### Exercise:
From the listing below, restate word for word the lines from the line containing "Lemsip Max Cold" down through the line containing "Item preview, Los". Exclude pictures.

### Data provided:
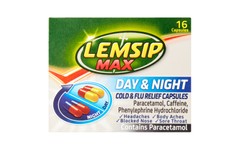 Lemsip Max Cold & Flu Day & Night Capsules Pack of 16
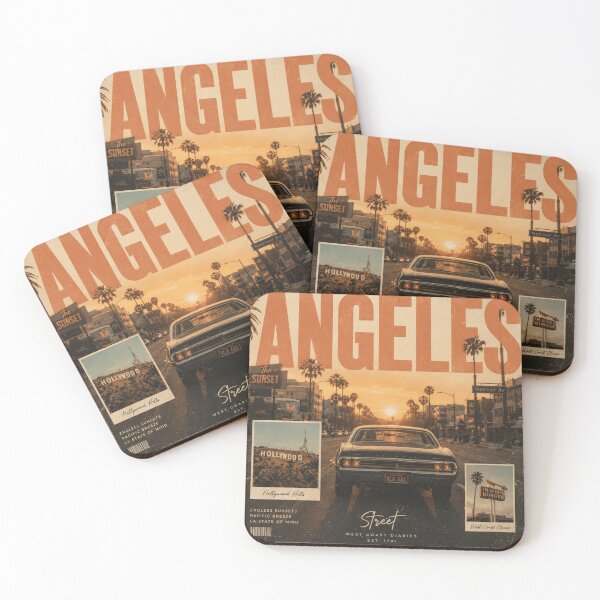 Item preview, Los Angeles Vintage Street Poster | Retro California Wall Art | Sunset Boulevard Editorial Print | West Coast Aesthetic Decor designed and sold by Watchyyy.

--

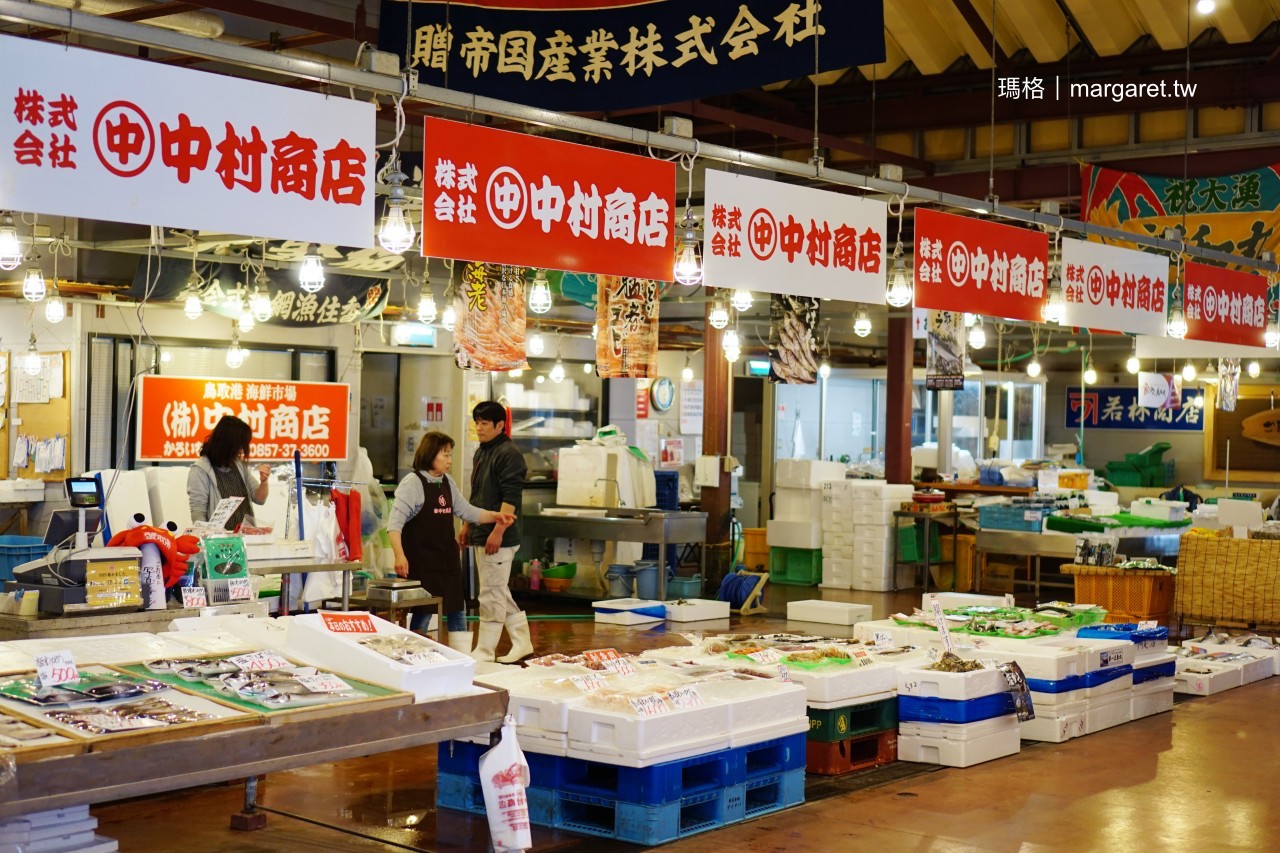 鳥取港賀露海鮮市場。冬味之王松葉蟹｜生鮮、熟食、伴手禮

--

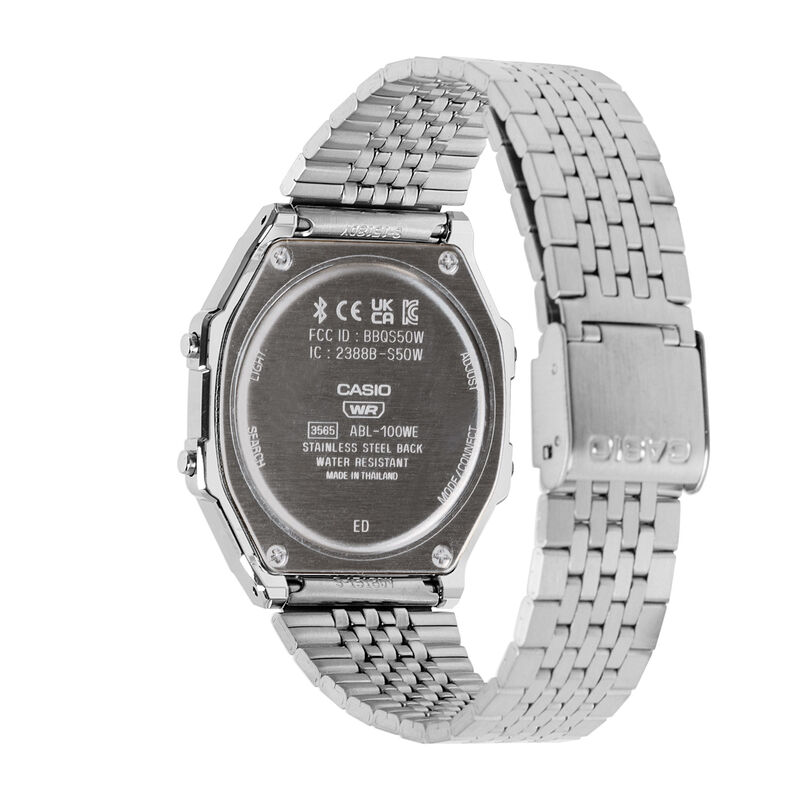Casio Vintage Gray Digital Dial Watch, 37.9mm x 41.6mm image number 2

### Output for this exercise:
 Lemsip Max Cold & Flu Day & Night Capsules Pack of 16
 Item preview, Los Angeles Vintage Street Poster | Retro California Wall Art | Sunset Boulevard Editorial Print | West Coast Aesthetic Decor designed and sold by Watchyyy.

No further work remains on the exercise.